= YOUR TASK =
Your answer must be an exact copy of the entries below, with every picture removed.

= RECORDS FOR THE TASK =

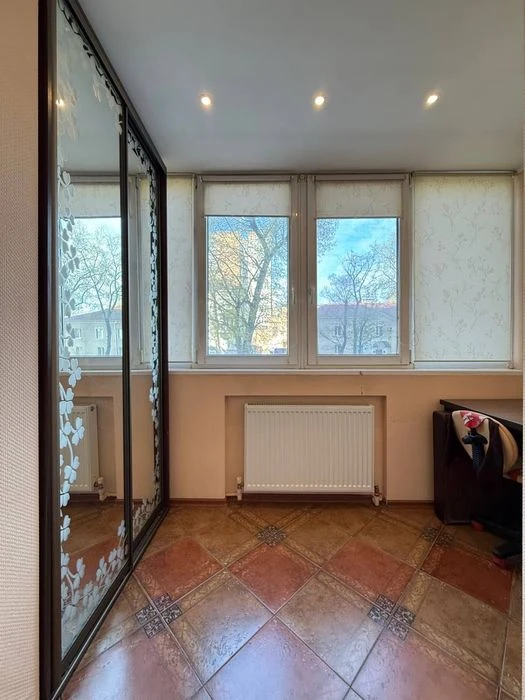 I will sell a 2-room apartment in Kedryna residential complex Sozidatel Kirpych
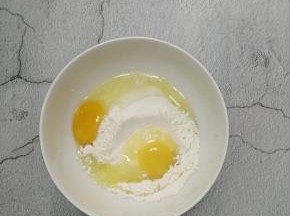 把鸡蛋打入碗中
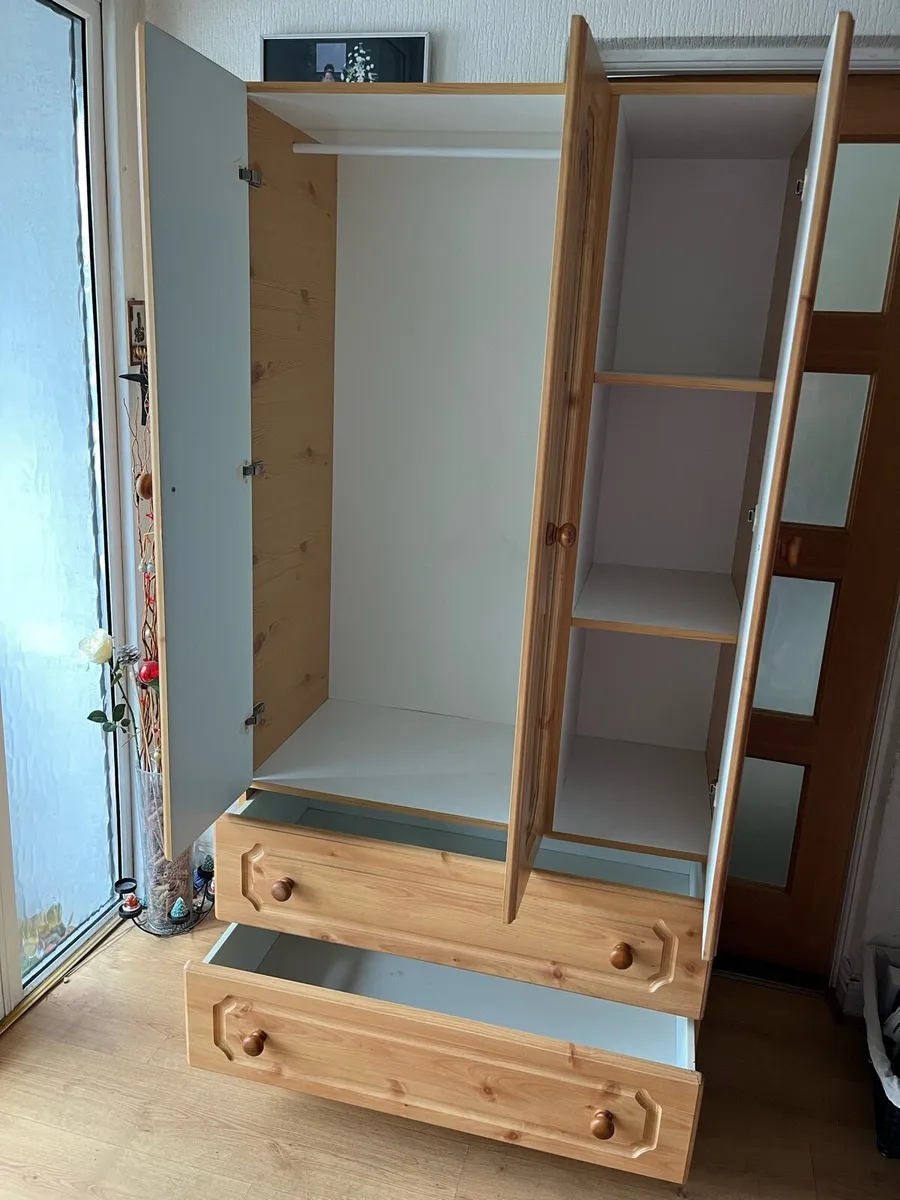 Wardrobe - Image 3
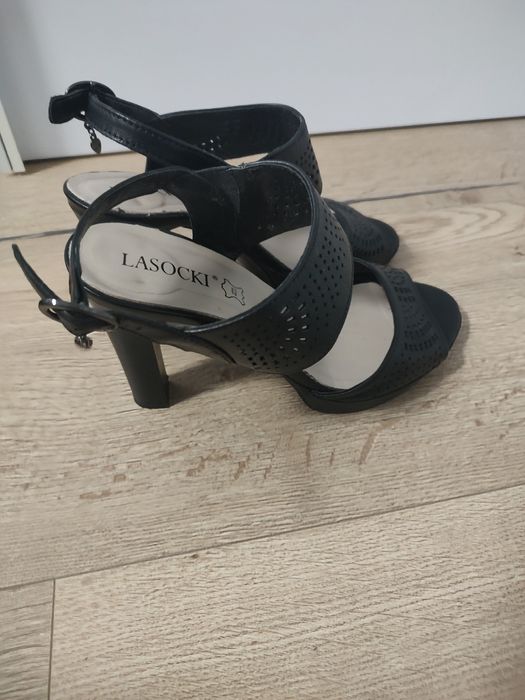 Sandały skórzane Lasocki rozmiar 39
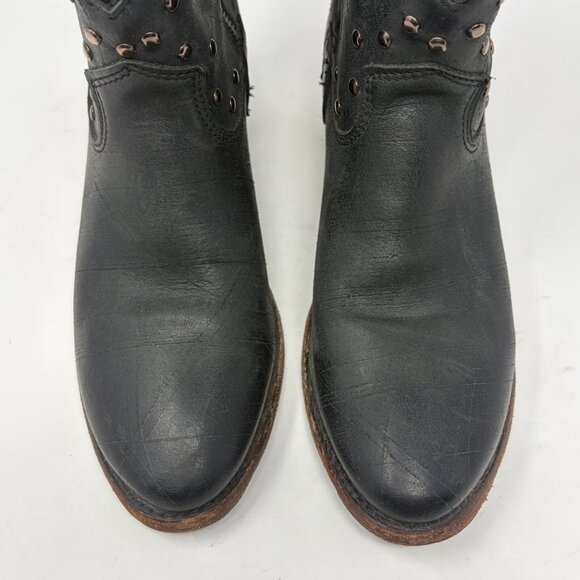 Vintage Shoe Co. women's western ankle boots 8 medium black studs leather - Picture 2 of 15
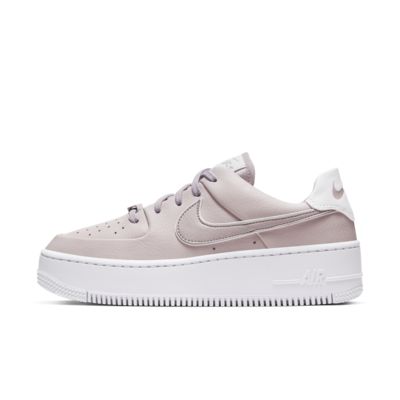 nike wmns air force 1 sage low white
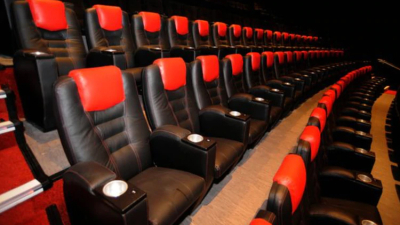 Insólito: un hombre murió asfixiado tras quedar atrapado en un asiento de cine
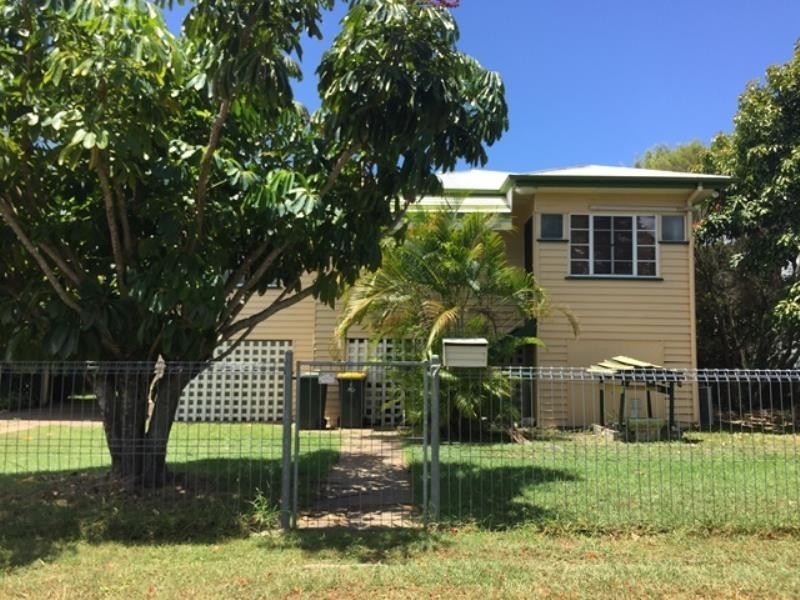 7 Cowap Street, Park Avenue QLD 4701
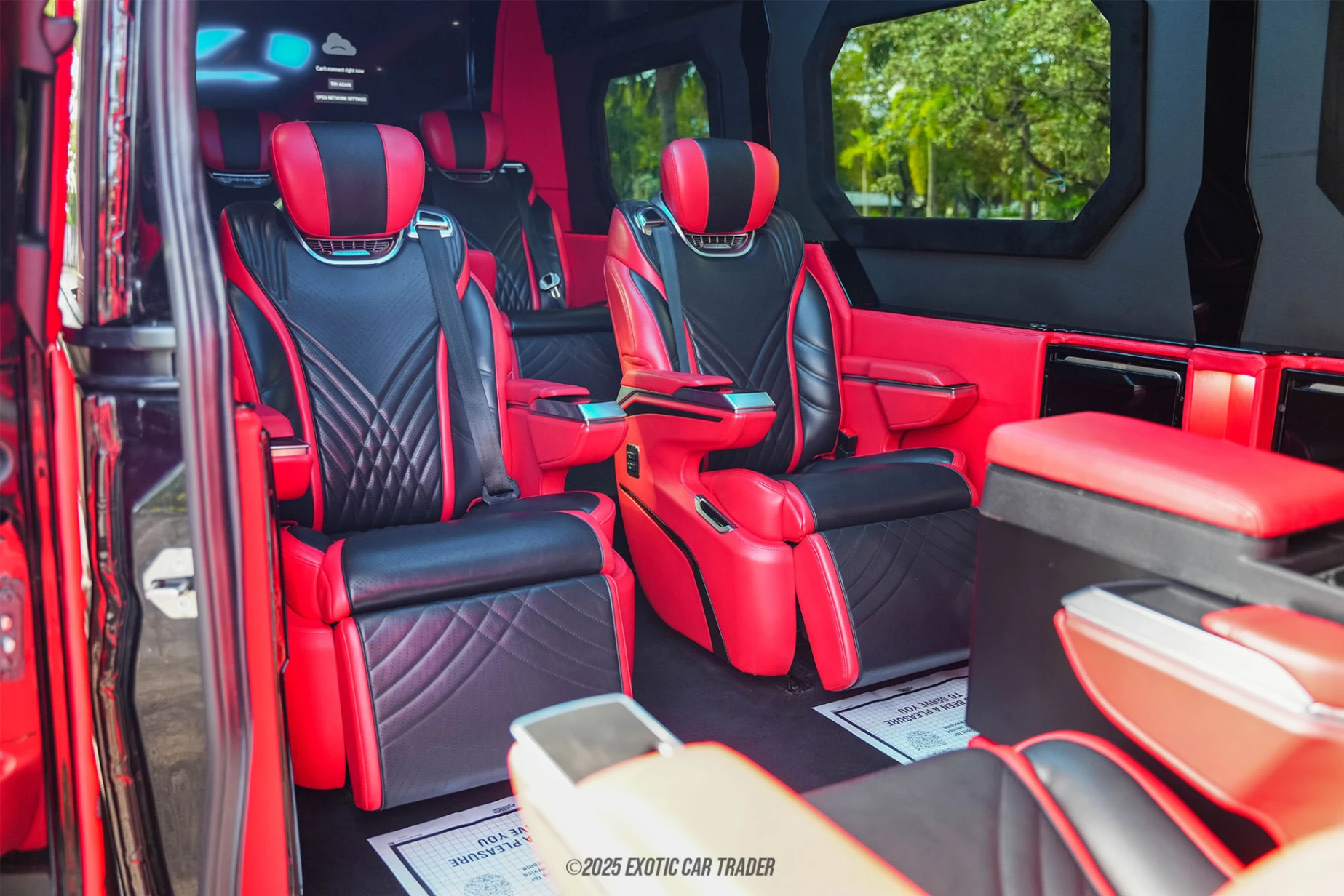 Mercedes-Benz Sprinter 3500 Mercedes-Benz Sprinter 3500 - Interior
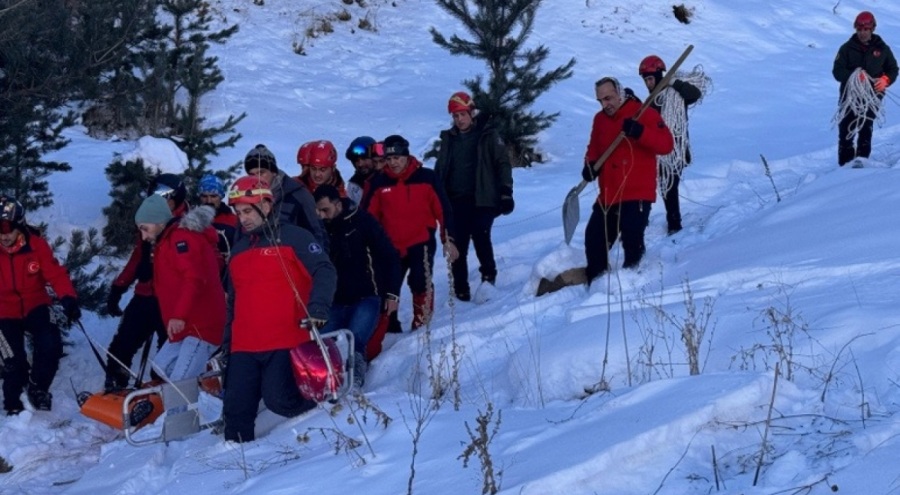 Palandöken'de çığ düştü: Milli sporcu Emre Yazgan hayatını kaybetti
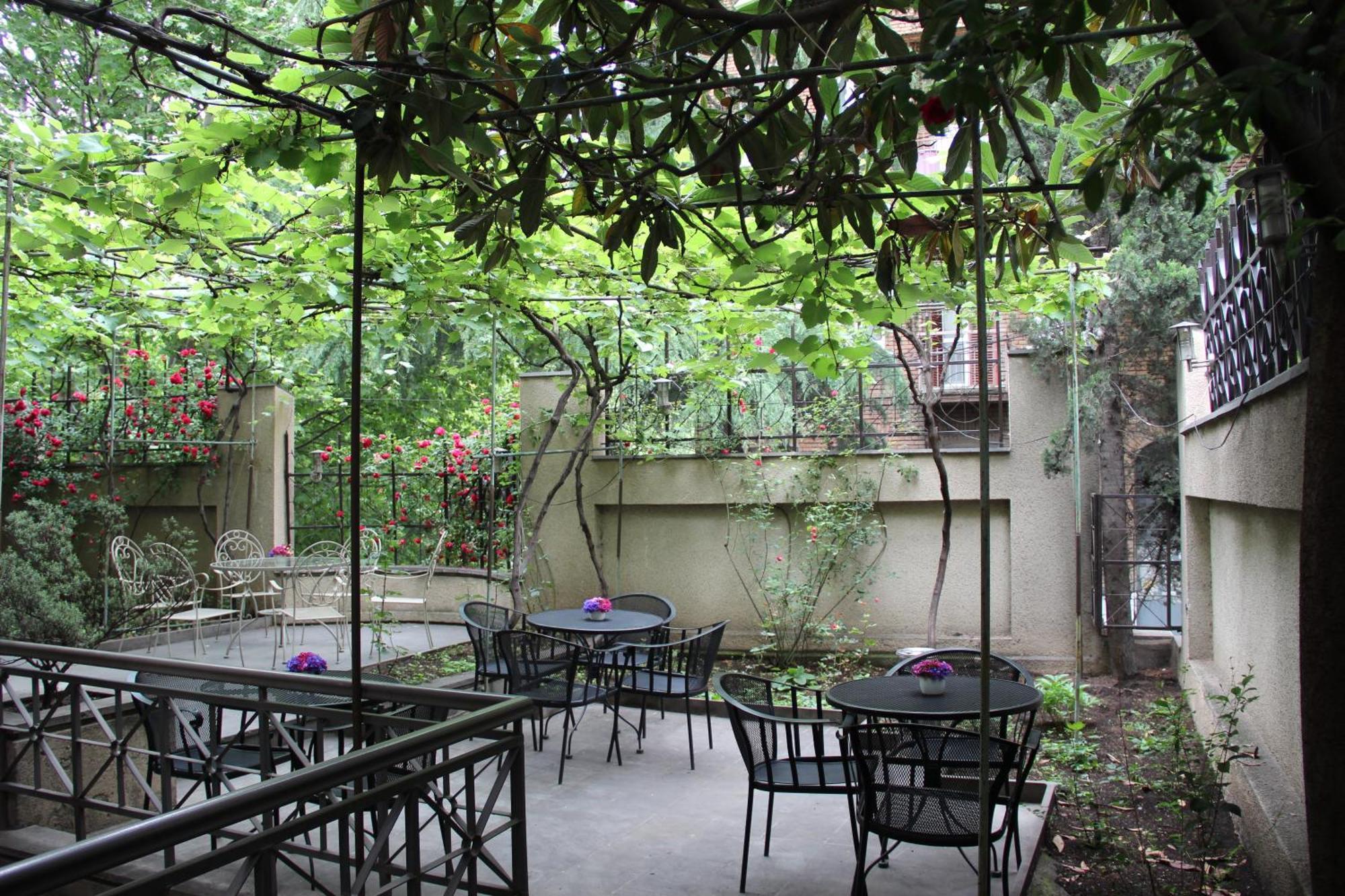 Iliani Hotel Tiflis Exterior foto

= SOLUTION FOR THIS EXERCISE =
 I will sell a 2-room apartment in Kedryna residential complex Sozidatel Kirpych
 把鸡蛋打入碗中
 Wardrobe - Image 3
 Sandały skórzane Lasocki rozmiar 39
 Vintage Shoe Co. women's western ankle boots 8 medium black studs leather - Picture 2 of 15
 nike wmns air force 1 sage low white
 Insólito: un hombre murió asfixiado tras quedar atrapado en un asiento de cine
 7 Cowap Street, Park Avenue QLD 4701
 Mercedes-Benz Sprinter 3500 Mercedes-Benz Sprinter 3500 - Interior
 Palandöken'de çığ düştü: Milli sporcu Emre Yazgan hayatını kaybetti
 Iliani Hotel Tiflis Exterior foto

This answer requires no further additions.